Your job is to set down the stretch of entries that opens with the line containing "Boty Circa Al 50 Slim (acornt/tobacco)" and closes with the line containing "Bild #15241773 - Touristenfahrten". Keep both end lines, copy each exactly, and add nothing.

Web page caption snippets
*****

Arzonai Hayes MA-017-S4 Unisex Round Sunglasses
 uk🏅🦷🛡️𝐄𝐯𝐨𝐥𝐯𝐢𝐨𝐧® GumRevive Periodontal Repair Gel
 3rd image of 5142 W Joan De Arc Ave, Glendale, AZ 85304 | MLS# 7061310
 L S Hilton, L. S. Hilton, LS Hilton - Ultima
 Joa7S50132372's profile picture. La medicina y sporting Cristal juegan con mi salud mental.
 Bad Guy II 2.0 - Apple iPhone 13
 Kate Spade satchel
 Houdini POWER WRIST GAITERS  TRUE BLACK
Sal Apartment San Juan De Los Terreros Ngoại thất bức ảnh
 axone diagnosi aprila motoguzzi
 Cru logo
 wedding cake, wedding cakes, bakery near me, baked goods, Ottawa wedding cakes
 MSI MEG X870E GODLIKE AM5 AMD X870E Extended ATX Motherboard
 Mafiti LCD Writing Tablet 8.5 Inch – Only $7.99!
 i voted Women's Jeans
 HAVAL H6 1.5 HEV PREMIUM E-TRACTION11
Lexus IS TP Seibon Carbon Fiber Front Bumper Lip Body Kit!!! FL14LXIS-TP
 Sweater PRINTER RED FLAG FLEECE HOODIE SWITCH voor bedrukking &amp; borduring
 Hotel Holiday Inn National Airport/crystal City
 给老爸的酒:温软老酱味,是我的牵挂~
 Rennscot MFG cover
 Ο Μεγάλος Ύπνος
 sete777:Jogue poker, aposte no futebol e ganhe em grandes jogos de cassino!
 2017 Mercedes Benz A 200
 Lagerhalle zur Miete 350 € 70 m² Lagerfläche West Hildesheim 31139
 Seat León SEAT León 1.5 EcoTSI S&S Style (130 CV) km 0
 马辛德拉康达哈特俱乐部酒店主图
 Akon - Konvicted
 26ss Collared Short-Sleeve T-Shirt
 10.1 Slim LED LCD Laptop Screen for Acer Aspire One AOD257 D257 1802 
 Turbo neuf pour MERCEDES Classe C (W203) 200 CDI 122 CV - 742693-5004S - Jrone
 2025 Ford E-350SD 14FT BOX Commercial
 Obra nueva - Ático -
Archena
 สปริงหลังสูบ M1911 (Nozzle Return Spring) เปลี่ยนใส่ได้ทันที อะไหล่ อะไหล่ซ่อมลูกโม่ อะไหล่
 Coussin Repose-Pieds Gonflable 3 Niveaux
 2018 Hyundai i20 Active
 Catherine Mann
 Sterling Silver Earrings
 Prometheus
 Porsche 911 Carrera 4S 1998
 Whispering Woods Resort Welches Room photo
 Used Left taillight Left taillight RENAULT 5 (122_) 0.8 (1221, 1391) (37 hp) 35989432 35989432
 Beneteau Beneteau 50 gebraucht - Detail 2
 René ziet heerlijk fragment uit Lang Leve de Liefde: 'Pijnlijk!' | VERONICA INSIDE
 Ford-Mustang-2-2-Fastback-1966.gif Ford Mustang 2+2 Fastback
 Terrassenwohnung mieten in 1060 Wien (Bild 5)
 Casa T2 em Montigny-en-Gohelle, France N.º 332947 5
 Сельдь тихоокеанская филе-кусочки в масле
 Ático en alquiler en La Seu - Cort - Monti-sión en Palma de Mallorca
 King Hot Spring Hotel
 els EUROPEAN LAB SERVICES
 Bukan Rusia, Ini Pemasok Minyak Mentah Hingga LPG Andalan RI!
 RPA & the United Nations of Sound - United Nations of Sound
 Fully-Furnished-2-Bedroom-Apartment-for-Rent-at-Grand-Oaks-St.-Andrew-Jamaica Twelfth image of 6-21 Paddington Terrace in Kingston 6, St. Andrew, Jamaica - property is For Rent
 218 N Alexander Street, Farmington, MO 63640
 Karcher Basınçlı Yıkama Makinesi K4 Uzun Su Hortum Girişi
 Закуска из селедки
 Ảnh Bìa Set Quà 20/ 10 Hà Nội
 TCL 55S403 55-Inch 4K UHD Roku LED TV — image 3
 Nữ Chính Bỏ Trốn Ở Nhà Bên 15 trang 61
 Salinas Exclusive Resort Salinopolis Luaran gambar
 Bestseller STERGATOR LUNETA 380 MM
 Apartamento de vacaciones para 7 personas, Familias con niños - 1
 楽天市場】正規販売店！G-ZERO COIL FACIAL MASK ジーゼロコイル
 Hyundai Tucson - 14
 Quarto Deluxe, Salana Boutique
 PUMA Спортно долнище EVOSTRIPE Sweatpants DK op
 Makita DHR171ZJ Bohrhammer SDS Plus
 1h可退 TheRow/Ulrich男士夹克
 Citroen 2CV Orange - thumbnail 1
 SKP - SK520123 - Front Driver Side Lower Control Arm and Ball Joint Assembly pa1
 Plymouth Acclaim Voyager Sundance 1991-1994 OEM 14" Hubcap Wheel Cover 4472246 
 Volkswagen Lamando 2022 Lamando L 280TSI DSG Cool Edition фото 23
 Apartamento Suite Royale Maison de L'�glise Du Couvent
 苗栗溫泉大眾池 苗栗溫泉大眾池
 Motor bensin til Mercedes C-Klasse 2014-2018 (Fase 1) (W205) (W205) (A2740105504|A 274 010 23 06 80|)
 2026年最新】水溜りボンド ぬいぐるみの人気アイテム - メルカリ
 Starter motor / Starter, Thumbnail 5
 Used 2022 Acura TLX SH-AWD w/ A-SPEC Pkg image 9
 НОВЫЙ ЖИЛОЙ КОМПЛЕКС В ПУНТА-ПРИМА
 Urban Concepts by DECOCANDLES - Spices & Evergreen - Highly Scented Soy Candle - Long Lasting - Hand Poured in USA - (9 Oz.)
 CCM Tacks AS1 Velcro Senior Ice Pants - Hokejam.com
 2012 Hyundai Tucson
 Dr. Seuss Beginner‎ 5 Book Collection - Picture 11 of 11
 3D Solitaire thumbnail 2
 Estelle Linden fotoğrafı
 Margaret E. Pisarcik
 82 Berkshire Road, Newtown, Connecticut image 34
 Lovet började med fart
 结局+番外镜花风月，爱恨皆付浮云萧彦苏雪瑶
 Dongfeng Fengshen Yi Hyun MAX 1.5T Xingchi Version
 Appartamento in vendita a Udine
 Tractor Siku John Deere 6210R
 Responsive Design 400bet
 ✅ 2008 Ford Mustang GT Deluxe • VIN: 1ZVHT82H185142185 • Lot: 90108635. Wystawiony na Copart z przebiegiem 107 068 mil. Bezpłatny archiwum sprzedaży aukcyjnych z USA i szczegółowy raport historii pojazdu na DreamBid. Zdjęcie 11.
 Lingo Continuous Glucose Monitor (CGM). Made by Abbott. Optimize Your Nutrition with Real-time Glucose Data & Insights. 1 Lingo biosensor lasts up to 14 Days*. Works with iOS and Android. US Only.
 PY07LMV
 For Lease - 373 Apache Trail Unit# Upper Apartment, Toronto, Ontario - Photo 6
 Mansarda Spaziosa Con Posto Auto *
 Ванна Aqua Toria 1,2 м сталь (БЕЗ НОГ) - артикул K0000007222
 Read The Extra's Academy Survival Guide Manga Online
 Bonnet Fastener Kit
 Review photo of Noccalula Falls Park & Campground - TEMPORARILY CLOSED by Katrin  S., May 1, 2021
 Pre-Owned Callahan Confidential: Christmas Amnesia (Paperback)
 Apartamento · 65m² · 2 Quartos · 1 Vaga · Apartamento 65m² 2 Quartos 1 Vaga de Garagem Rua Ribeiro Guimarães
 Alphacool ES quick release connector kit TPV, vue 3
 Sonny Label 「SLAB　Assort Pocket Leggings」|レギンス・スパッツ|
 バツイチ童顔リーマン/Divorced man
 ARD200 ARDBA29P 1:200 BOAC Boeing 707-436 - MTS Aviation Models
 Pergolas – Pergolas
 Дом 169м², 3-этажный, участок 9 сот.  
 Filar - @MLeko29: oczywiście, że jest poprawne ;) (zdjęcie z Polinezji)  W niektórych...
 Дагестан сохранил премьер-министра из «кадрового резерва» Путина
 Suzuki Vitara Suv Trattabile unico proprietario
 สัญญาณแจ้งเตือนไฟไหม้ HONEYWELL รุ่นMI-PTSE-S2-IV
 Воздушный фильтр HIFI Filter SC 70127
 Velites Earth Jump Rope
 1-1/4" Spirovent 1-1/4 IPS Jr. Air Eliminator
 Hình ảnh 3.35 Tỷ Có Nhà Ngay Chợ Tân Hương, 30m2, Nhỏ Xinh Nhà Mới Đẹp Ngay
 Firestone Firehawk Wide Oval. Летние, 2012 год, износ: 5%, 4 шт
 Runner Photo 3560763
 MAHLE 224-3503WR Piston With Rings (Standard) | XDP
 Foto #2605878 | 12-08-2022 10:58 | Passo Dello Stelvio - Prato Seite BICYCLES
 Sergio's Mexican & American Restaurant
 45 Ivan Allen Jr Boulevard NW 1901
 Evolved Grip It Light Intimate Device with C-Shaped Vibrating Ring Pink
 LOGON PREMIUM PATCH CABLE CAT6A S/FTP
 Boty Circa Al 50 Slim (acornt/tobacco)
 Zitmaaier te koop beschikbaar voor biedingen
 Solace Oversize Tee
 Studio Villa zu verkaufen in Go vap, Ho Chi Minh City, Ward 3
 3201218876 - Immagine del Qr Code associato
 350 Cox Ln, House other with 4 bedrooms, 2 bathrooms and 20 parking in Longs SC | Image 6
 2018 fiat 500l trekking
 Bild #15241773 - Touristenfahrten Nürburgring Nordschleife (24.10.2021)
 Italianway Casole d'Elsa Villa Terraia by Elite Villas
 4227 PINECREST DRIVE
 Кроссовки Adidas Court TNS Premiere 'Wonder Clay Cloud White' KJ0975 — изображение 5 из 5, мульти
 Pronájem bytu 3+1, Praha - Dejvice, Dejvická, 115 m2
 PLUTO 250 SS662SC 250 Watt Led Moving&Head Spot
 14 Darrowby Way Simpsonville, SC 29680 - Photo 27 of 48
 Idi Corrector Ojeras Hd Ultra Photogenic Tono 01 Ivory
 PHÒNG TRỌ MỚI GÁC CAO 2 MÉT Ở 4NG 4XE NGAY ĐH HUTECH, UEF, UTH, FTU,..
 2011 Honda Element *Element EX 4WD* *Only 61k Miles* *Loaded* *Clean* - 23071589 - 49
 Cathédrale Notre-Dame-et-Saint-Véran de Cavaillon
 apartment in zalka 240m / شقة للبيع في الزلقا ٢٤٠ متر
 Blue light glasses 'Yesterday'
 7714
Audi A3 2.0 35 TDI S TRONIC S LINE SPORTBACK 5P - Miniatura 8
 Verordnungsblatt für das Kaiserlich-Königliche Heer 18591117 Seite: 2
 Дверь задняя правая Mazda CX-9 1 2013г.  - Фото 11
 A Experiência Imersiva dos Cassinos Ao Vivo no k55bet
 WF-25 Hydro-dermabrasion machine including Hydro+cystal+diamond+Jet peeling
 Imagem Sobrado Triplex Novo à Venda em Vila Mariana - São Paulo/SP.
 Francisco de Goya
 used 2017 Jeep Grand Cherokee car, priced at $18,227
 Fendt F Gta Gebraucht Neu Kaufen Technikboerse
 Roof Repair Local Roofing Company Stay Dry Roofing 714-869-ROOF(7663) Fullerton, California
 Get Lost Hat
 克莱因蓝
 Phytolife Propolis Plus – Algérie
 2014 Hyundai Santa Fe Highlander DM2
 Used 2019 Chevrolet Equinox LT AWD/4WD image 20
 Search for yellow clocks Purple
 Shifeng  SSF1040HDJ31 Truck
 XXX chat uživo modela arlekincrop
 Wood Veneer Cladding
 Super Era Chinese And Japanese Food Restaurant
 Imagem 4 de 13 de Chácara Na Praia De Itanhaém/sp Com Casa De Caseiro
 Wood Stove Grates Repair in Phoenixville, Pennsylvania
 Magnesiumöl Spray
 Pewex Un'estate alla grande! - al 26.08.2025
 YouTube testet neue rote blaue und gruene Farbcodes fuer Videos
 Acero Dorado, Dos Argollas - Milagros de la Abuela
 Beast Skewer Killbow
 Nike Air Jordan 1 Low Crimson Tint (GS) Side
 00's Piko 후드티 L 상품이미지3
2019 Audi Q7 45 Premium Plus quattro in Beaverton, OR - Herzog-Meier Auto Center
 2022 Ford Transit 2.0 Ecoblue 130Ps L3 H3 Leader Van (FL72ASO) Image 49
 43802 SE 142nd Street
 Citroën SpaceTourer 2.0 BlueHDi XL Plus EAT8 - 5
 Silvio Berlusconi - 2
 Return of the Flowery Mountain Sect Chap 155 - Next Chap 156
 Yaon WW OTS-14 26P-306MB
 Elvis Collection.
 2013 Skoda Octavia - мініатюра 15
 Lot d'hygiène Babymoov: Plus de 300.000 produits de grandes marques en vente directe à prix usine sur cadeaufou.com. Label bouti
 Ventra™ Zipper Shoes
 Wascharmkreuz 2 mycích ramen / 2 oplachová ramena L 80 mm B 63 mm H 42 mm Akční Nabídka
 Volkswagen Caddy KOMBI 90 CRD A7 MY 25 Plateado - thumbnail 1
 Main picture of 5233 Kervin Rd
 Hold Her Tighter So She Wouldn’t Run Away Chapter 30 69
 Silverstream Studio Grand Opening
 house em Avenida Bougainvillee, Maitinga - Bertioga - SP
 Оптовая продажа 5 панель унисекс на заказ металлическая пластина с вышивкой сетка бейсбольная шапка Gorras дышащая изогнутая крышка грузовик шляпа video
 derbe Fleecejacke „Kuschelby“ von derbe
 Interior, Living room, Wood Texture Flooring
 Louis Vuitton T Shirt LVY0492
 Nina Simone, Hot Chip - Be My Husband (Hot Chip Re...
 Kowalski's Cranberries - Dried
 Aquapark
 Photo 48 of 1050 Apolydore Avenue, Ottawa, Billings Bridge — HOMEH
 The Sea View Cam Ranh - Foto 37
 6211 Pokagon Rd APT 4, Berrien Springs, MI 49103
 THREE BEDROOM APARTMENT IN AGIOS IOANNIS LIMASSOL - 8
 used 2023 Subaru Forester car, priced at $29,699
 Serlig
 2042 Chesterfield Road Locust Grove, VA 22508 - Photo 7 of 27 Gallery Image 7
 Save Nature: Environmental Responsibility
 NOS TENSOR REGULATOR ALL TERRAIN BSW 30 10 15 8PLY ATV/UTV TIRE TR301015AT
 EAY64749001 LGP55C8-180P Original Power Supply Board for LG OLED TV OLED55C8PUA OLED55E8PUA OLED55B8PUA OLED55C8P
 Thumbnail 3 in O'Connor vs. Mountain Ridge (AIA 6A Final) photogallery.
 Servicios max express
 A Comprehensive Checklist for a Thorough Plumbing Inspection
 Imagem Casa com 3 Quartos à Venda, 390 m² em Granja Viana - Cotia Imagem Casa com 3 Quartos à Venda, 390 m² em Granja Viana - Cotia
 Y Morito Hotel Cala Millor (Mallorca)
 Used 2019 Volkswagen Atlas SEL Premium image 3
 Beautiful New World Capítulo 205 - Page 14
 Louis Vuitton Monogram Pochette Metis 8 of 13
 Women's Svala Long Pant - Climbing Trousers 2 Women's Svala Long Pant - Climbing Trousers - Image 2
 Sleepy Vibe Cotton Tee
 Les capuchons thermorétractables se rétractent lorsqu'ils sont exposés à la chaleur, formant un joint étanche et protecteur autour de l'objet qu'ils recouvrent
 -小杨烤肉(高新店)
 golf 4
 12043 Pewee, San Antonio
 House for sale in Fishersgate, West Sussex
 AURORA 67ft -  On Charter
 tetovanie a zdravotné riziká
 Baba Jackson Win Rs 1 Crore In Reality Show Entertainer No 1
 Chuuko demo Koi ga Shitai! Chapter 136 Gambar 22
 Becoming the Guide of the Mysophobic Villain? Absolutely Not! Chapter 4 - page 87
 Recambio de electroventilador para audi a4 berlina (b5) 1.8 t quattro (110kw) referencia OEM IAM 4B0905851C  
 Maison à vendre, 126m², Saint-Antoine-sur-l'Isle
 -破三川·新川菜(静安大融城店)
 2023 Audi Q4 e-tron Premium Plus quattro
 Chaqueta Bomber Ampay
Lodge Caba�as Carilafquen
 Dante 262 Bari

*****

Result of the task =>
 Boty Circa Al 50 Slim (acornt/tobacco)
 Zitmaaier te koop beschikbaar voor biedingen
 Solace Oversize Tee
 Studio Villa zu verkaufen in Go vap, Ho Chi Minh City, Ward 3
 3201218876 - Immagine del Qr Code associato
 350 Cox Ln, House other with 4 bedrooms, 2 bathrooms and 20 parking in Longs SC | Image 6
 2018 fiat 500l trekking
 Bild #15241773 - Touristenfahrten Nürburgring Nordschleife (24.10.2021)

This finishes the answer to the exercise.